I am an intermediate, self-taught dilettante musician (piano). Thus I know enough to know I don’t know enough. My question is how to deal with (“count off”) the double sharp, “x”.
In the key of C Major a double sharp on, say, F means it would be played G, two half-tones from F, right? But what about in the key of, say, E major where the F is sharped (sharpened?)? Would F double sharp still be a G or would the fact that F is sharped throughout the piece mean you “count from” F# two half-tones and wind up playing G#?
For the curious, I am trying to learn Beethoven’s “Moonlight” – first movement. It’s in E Major (4 sharps) and has some goddamned double sharps on the third page of my edition. Playing it either way sounds OK so there’s no dissonance to guide me (although L. v. B. often sneaks in dissonance so I can’t really trust that, either.)
Count up two half-tones. That’s the whole purpose of the double sharp-- to make it so that note is raised by two half tones regardless of what key the music is in.
(No, I can’t explain why it isn’t just written as the higher note–although the fact that it’s in E major and has lots of sharps already probably has something to do with it).
A sharp or flat accidental in the score refers to the the natural note. A single sharp in a key where the note is already sharp serves either as a reminder that the note is a sharp (which can be useful) - or resets the note to sharp after it has been annotated with a natural earlier in the bar. Thus a double sharp is the natural note plus two semitones.

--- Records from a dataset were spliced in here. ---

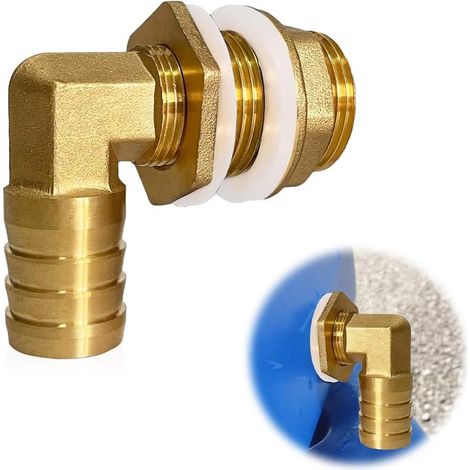 Raccord Plomberie Sanitaire Raccord pour Tuyau de Citerne d'Eau de Pluie Coudé Traversée de Réservoir pour Citernes d'Eau de Pluie (1/5)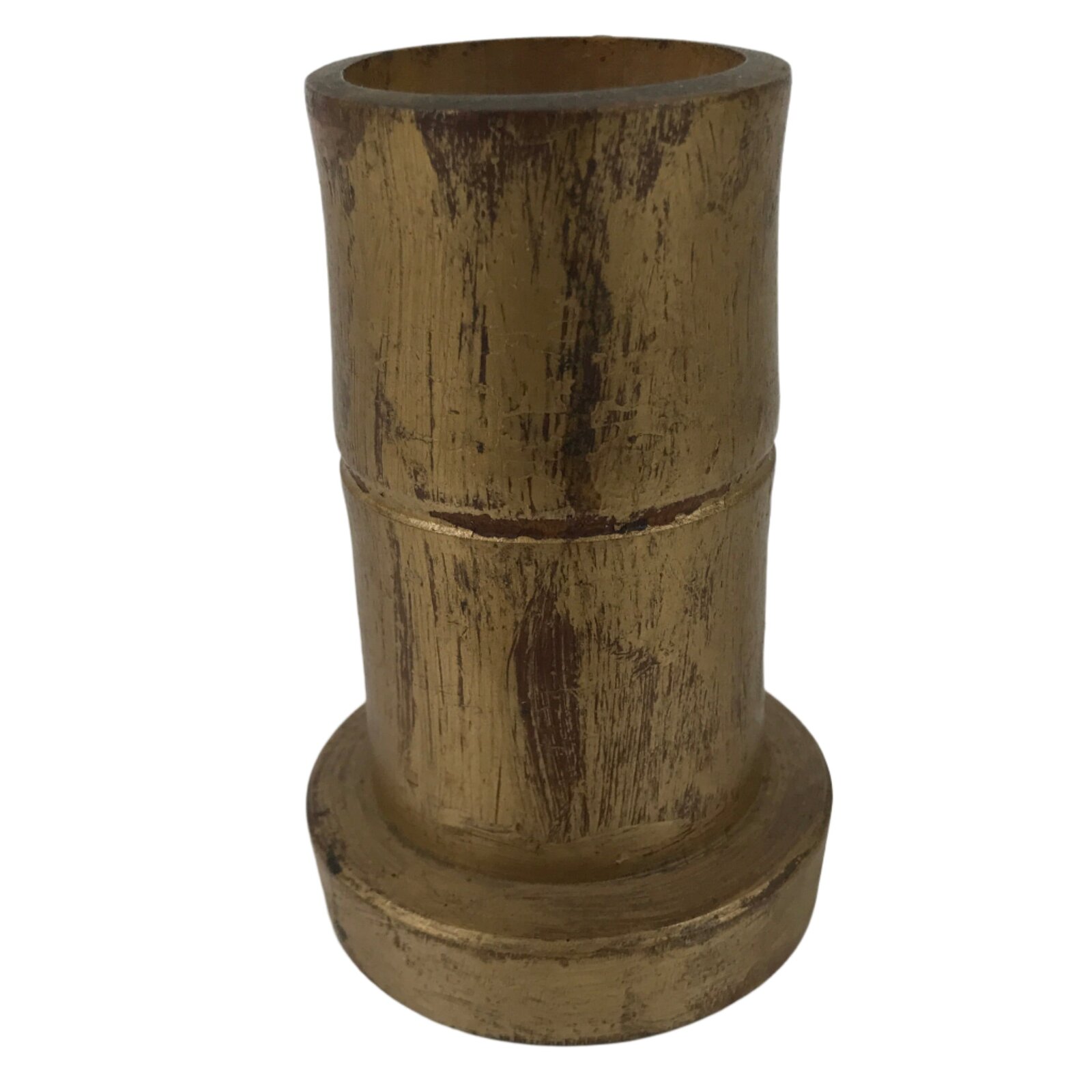 Japanese Buddhist Altar Fitting Wood Bamboo Flower Vase Vtg Hanatate Gold BA569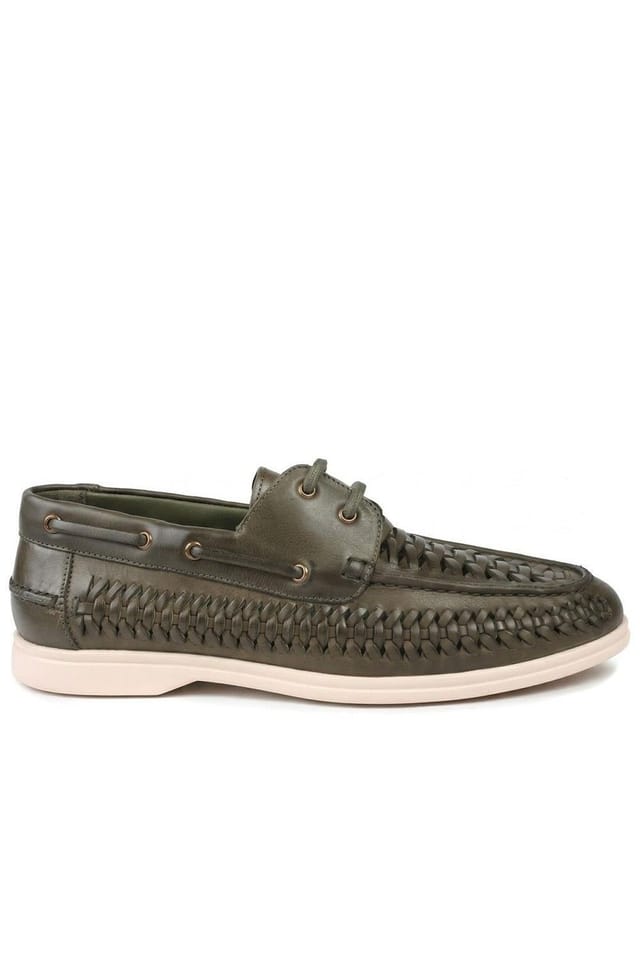 Jones Bootmaker Jones Bootmaker Men's Percey Leather Moccasin Shoes in Khaki - 2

Another way of thinking about it is that the key signature supplies implicit prefixes to every note in the score, and adding an accidental to a note that already has been so annotated is simply making visible the notation that was already there. So in order to get a two step accidental to an already sharpened note you need to supply the implicit sharp and then an extra one. (This isn’t quite perfect, an accidental does not apply to the same note in other octaves, but the key signature applies to all octaves.)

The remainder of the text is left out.